Je ne crois pas à un âge d’or de la télévision, mais plus à des périodes où la télévision est plus à l’écoute de son public. Quand Lorne Michaels parle de la genèse de Saturday Night Live, il voyait un profond décalage entre les aspirations de la jeunesse américaine des années 70 et ce que la télévision proposait. La longévité de son émission est une preuve de la force de la capacité d’écoute d’un auteur ou d’un producteur. Une télévision intelligente ne voit pas l’explosion de la télé-réalité des années 2000 comme un des premiers signes de l’apocalypse. Elle réfléchit quand elle voit le succès de Survivor, et nous donne Lost en retour.
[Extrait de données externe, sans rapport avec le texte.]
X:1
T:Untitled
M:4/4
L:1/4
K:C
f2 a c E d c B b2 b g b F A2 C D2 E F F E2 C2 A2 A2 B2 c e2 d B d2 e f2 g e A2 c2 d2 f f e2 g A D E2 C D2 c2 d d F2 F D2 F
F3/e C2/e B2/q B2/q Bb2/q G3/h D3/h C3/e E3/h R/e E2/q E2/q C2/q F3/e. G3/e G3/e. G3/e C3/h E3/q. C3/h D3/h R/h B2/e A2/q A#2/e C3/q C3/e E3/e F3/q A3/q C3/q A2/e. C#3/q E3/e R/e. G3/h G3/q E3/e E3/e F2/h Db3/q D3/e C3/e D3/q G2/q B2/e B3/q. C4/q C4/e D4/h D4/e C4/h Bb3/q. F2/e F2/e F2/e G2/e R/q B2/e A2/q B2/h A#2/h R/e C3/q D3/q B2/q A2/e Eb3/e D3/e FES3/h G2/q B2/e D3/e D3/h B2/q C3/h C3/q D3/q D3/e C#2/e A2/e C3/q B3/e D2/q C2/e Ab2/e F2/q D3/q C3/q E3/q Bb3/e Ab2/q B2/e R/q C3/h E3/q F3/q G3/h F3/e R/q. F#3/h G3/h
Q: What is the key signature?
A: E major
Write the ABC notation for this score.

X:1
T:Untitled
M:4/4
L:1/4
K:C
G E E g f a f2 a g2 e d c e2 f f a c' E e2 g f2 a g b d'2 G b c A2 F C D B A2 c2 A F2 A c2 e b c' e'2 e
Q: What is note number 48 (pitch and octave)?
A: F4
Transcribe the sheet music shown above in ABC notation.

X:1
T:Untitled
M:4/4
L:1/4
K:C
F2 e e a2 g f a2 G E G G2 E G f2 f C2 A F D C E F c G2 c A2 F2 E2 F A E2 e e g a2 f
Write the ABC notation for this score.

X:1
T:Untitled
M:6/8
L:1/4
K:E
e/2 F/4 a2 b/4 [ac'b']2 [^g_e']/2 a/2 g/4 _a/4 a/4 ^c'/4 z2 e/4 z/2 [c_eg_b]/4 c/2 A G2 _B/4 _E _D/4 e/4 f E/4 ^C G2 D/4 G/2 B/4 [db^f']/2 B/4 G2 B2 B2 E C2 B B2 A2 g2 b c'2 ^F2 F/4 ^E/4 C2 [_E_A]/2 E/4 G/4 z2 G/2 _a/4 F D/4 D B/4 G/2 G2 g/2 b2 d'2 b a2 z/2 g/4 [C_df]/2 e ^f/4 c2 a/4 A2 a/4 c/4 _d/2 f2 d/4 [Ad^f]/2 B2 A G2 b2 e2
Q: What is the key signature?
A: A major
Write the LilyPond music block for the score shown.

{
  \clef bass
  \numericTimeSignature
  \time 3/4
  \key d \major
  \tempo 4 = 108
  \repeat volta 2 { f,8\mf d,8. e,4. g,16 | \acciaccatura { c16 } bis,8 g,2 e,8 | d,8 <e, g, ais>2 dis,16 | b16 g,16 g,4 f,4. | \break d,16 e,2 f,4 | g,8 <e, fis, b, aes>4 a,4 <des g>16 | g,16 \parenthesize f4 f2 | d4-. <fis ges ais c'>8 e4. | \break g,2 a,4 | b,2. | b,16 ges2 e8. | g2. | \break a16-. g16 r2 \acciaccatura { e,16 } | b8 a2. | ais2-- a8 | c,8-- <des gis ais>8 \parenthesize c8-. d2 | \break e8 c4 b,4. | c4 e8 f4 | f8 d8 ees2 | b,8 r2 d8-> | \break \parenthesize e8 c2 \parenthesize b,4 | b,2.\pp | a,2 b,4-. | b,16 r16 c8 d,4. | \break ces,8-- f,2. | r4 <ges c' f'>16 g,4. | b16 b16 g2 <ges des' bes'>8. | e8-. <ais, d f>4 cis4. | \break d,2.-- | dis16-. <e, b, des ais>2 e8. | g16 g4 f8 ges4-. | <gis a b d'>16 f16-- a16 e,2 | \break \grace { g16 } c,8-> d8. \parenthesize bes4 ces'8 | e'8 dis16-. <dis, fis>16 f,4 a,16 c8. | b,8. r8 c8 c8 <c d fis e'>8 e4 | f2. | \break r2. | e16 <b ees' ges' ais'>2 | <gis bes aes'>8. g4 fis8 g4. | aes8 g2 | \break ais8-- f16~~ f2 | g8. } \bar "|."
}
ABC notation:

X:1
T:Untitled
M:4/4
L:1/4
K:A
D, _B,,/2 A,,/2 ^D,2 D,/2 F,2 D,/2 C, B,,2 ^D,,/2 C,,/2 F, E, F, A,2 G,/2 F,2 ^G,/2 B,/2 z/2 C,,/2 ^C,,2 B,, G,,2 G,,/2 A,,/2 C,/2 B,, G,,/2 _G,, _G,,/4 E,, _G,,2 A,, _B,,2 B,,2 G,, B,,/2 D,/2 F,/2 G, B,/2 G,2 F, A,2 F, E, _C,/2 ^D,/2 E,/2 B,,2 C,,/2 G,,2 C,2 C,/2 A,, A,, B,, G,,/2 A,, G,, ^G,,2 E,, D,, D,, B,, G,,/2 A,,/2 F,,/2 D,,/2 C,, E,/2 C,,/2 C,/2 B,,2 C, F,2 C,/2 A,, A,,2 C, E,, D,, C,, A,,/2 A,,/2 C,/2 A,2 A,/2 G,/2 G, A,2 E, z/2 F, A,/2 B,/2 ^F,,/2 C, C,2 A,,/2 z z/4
La première partie des années 2000 a vu les chaînes américaines lutter à assimiler l’impact du 11 Septembre, d’Internet, de la télé-réalité, de l’achat des networks par de grands studios et l’émergence d’une production câblée de qualité. Il en découle une œuvre sérielle de network moins pertinente. Le retour d’une télévision plus en phase avec son public est alors perçu comme un nouvel âge d’or par ceux qui commencent à se passionner pour les séries à ce moment là, ou par ceux qui suivent sporadiquement le genre et se retrouvent avec plus de séries à regarder. Mais la qualité n’a jamais quitté les ondes, elle était juste un peu plus difficile à trouver.

Tout ça pour dire qu’Alan Sepinwall a écrit un chic livre sur le sujet, The Revolution Was Televised. Je ne suis pas d’accord avec tout ce qu’il dit, mais il a un avis intelligent et réfléchi qui lui permet d’affirmer que nous sommes dans un nouvel âge d’or sans me donner envie de rentrer mon crayon dans l’œil. Et grâce aux interviews de créateurs, producteurs et dirigeants de chaîne de l’époque, ce livre me fait voir d’un autre regard (plus clément ou plus critique) certaines œuvres majeures des dix dernières années.

Et Losing My Religion n’est pas la meilleure chanson de REM.